Les retraités consacrent près d’un quart de leur budget aux loisirs. Ils sont amateurs de croisières et de déplacements en Suisse. Ils privilégient souvent le bien-être et la détente. Ils optent ainsi pour des séjours montagnards ou campagnards. Les agences de voyages n’ignorent pas que leur survie est interdépendante de cette classe d’âge.

Comment expliquez-vous le manque de réactivité de la part de l’économie privée? 
Il est exact qu’une profonde réflexion fait défaut dans le secteur privé. Le marché des seniors en tant que potentiel de croissance n’est pas encore tout à fait au goût du jour. Même si certaines professions ont parfaitement intégré la nécessité de répondre à la demande de cette partie croissante de la population. Je pense aux opticiens qui ont adapté et diversifié leurs offres dans ce domaine, en proposant par exemple des tarifs dégressifs selon l’âge de la clientèle. Mais le manque d’anticipation globale résulte de plusieurs facteurs. Tout d’abord, il faut savoir que le vieillissement de la population est par définition lent. La prise de conscience a débuté en 1925, lorsque le peuple suisse a voté en faveur de la création d’une assurance vieillesse et survivants (AVS). Tandis que les premières rentes ont été versées à partir de 1948. Et puis, il faut savoir que tout ce qui a trait aux aînés a été délégué aux services sociaux. Cependant, l’économie va sans doute se focaliser sur cette cible, ce d’autant que la demande émanant des jeunes va se tarir.

«C’est une évidence de les considérer comme un segment important du marché» 
 

Comment la Fédération des entreprises romandes (FER) Genève se positionne-t-elle? Trois questions à Véronique Kämpfen directrice de la communication.
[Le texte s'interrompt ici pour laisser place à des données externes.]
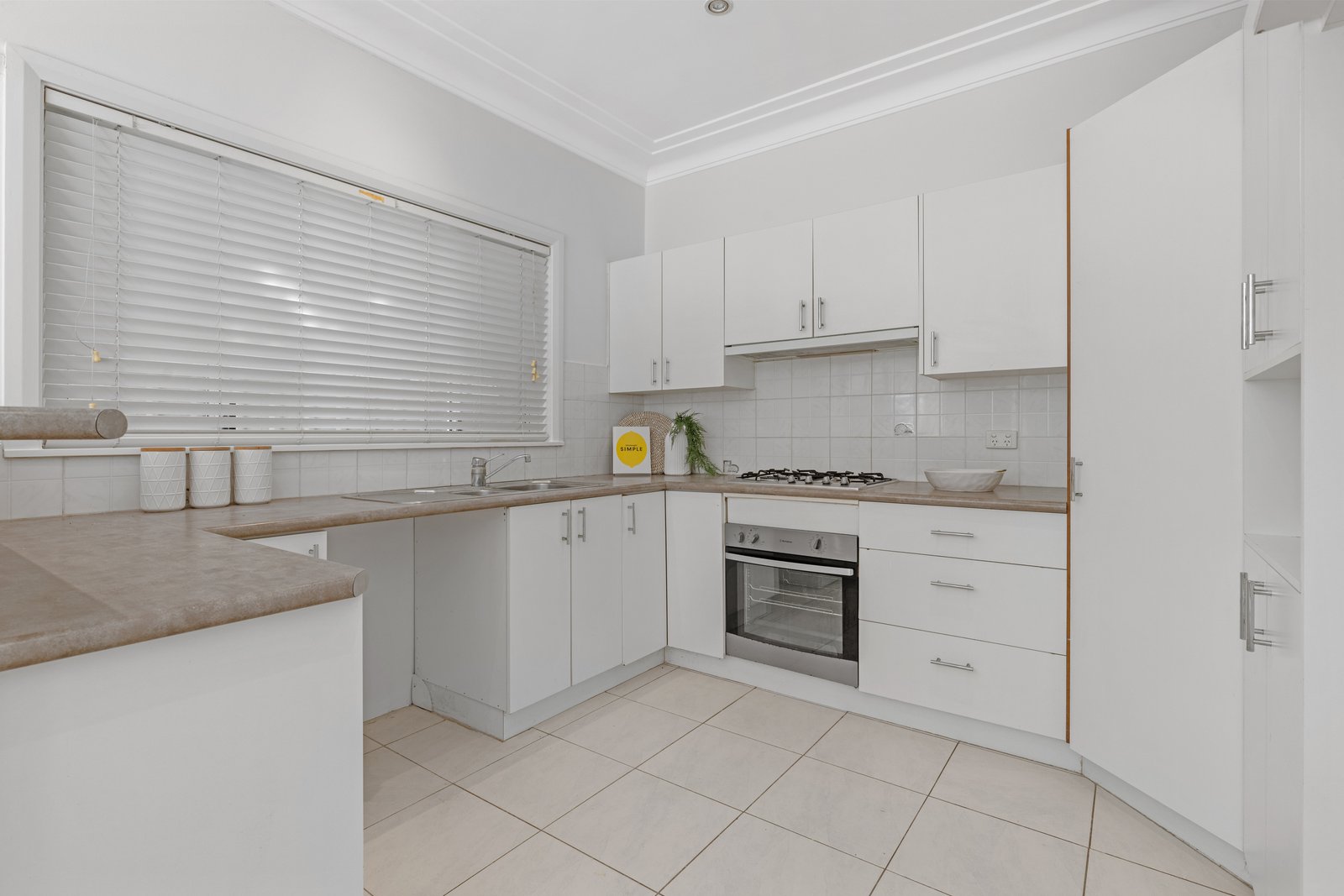 103 Hurstville Road HURSTVILLE GROVE 4
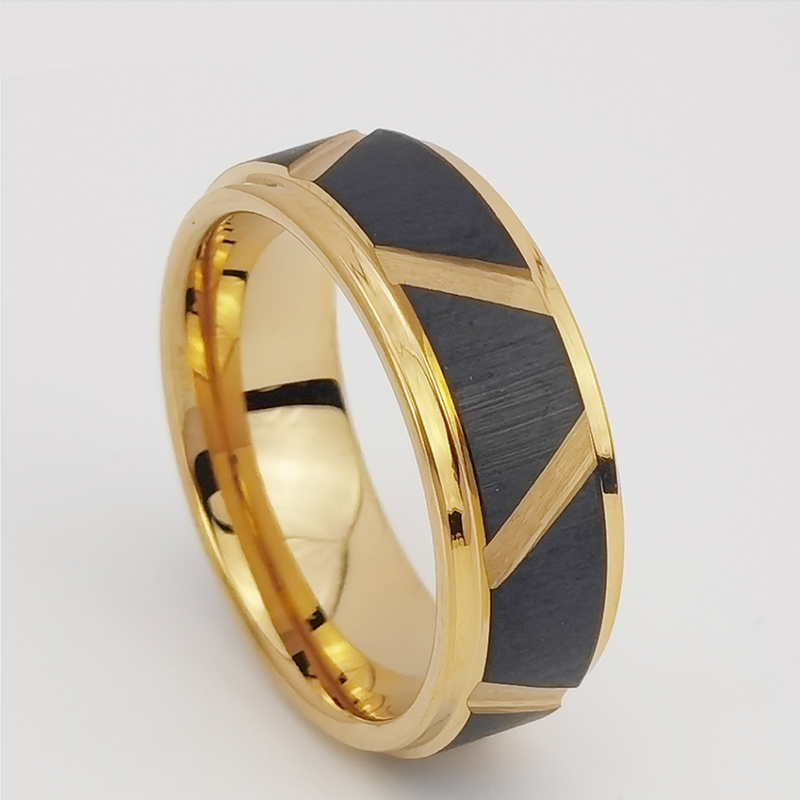 Anello di tungsteno in stock Popolare 8mm Alto lucido e spazzolato a croce con bordi piatti e a gradini Anello in carburo di tungsteno nero e oro con scanalature Produttore cinese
L’économie a-t-elle pris la mesure du marché que représentent les boomers? 
De nombreux secteurs d’activité l’ont fait depuis longtemps, comme par exemple les cosmétiques avec des produits conçus en fonction des différentes tranches d’âge ou les activités de loisirs qui ont des segments dédiés aux personnes à la retraite ou s’en approchant. Ce qui est aussi intéressant, c’est la mise en avant de seniors dans des campagnes de publicité mais aussi à l’écran, ce qui participe à rendre cette catégorie de personnes plus visibles et à déconstruire certains préjugés liés à l’âge. Les techniques de marketing ciblent les consommateurs selon différents critères, dont l’âge, qui est un paramètre parmi d’autres. Il en va de même de la création de produits ou de prestations. L’intérêt que l’économie porte à la génération des jeunes retraités relève de leur dynamisme – ils ont envie de profiter de cette nouvelle tranche de vie – et de leurs moyens financiers, globalement plus élevés que ceux des autres tranches d’âge.

Pouvez-vous rappeler les impulsions et actions lancées par la FER favorisant le travail des seniors, y compris ceux qui souhaitent prolonger leur activité professionnelle au-delà de l’âge légal de l’AVS?
La FER Genève participe au Conseil consultatif de l’employabilité qui a récemment été mis en place par l’Etat de Genève et qui traite, notamment, de l’emploi des seniors. Nous avons également mis sur pied en fin d’année le premier forum de l’employabilité qui mettait en avant plusieurs typologies de travailleurs, dont les plus de 55 ans, voire plus de 65 ans. Nous soutenons de nombreuses associations ou fondations actives sur cette thématique. En tant qu’employeur, nous considérons avec bienveillance tous les dossiers que nous recevons, quel que soit l’âge des candidats. S’agissant du marché du travail, il est réjouissant de constater qu’en Suisse, les plus de 50 ans sont moins au chômage que d’autres tranches d’âge (de 2,6% contre 3,1% pour les 25 à 49 ans et 2,7% pour les 15 à 24 ans). En revanche, s’ils quittent ou perdent leur emploi, ils seront plus longtemps au chômage que les plus jeunes. C’est la raison pour laquelle, à Genève, l’Office cantonal de l’emploi a adopté des mesures spécifiques pour mieux réinsérer ces personnes qui ont aussi droit à des indemnités sur une durée plus longue.

Les entreprises sont-elles prêtes à explorer le marché des seniors?
Selon leurs produits et prestations, elles s’y sont déjà mises. C’est une évidence de les considérer comme un segment important du marché.